A navy of fourteen years experience, Harry Dodson understood that he needed to give a clean account, and quickly. Not only for Bill—he didn’t owe Bill a thing—but for the Department, for the easily panicked public, for Captain Capo and Superintendent Mooney, and, most of all, for Obitz’s widow and little girls. At the Obitzes’, after Dodson and Bill had delivered the news, Teddy’s eight-year-old, Carrie, insisted on giving them a tour of her father’s war garden, proudly listing the names of the exotic vegetables they were cultivating for Uncle Sam: chard, salsify, kohlrabi. The whole business was unsettling, frightening. After a painful half hour in which Carrie explained fertilization strategies and canning processes, Dodson mentioned delicately that he had to return to the station. Carrie burst into tears. It was a grim tableau: Dodson standing in the doorway of his fallen partner’s house; Carrie, sobbing, tugging on his legs; Mrs. Obitz, sobbing, tugging on Carrie’s legs.
If Dodson said that the man Bill had shot was the highwayman, a
nd Captain Capo was satisfied, then Bill figured he ought to be satisfied too. He rose to greet his boss.
“Captain Cap.” Bill smiled tightly. “Have you met my wife, Maisie Bastrop?”

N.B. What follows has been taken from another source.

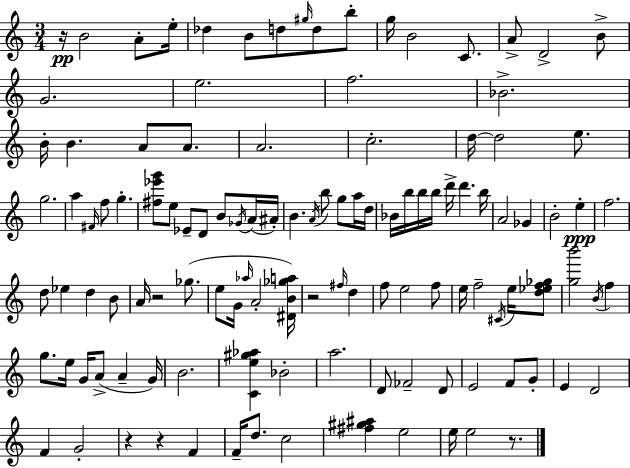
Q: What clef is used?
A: treble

Bill was relieved to see that Maze had recomposed her face into a pantomime of polite expectation.
“You war heroes.” Capo shook his head. “You always attract the most fetching female company.”

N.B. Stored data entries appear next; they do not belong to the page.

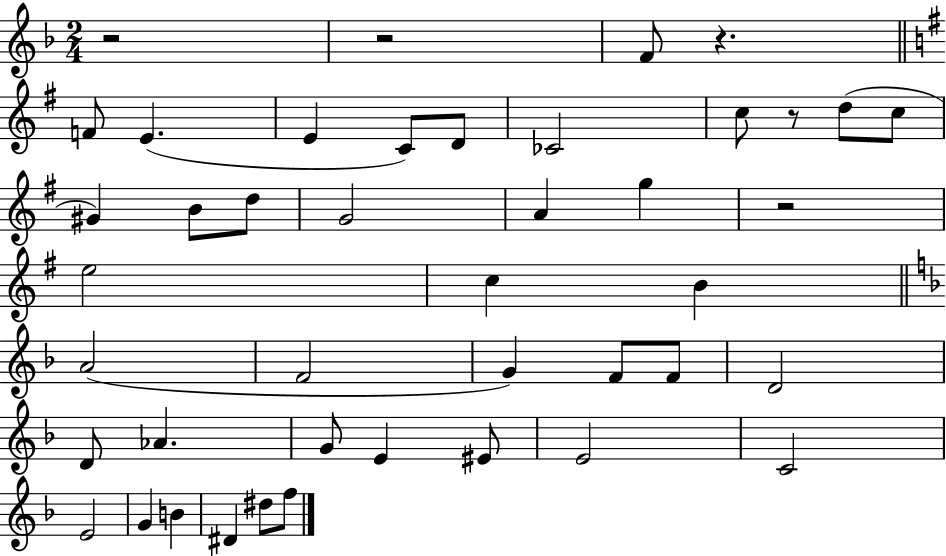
X:1
T:Untitled
M:2/4
L:1/4
K:F
z2 z2 F/2 z F/2 E E C/2 D/2 _C2 c/2 z/2 d/2 c/2 ^G B/2 d/2 G2 A g z2 e2 c B A2 F2 G F/2 F/2 D2 D/2 _A G/2 E ^E/2 E2 C2 E2 G B ^D ^d/2 f/2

Bastrop noted that he hadn’t used the word beautiful. It was a precipitous fall from beautiful to fetching and Maze had tumbled the full distance in less than seven months. Not that fetching was unlovable, or undesirable. Fetching was wonderful. But there was a distinction.
Capo—stout, firm, with professional creases around his mouth and a purple liver spot beneath his left eye, the same size as the eye—touched Bastrop’s shoulder.

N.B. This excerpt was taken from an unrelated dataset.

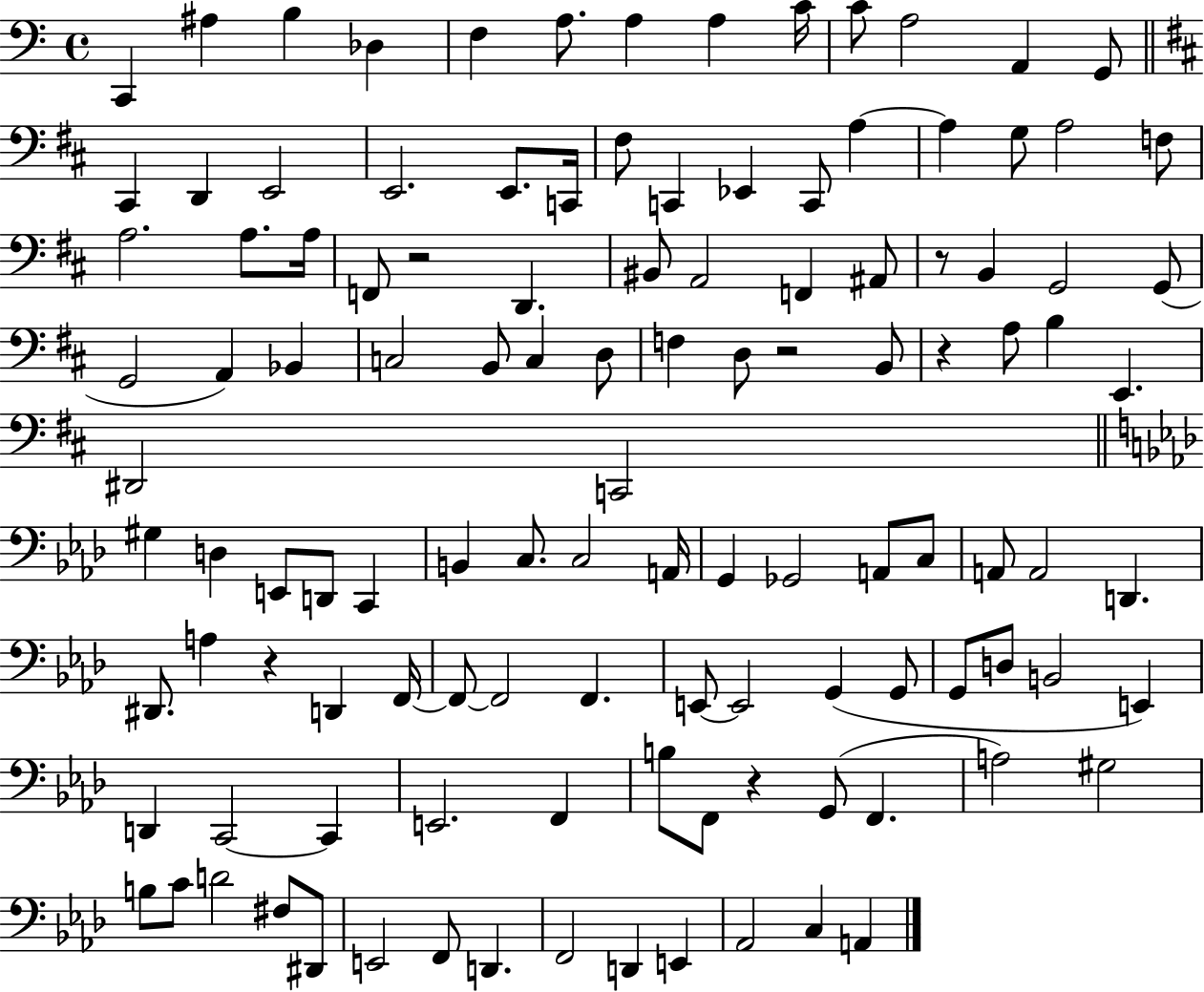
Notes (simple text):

“Give us a sec, would you?” said Bill.
Maze seemed relieved to turn back to the field. She appeared to give her attention to it fully, as if instead of pepper and lazy games of catch it were the ninth inning of a tie game, runner in scoring position, two outs, full count.
“The teenagers,” Capo was saying, as he steered Bastrop up the aisle, “they were giddy. Never been inside a morgue before.”
“You’re saying that they took suggestions well.”
“Didn’t have to suggest anything. Not in words, that is. The Hun—Bodemuller? He said he was ‘almost positive’ that the Negro on the table was the same who held him up on Friday. And little Richard Bray says, ‘Yah, he looks like the same Negro, but they all look the same if you want my professional opinion.’”
Capo gave a vacant laugh. The stress of the last days showed on the captain’s face—his jowls, already pendulous, had begun to melt.
“How long is this going to go?” said Bill. “Not to be ungrateful.”
“You trot out to the mound, throw the pitch, shake some hands. Then you can go home.” Capo again touched Bill’s shoulder. “Superintendent Mooney wanted me to thank you. These are on the house.”
Capo waved two nickels in the air, rubbing them between thumb and forefinger. A Dixie boy promptly appeared by his side and traded him two mugs for the coins.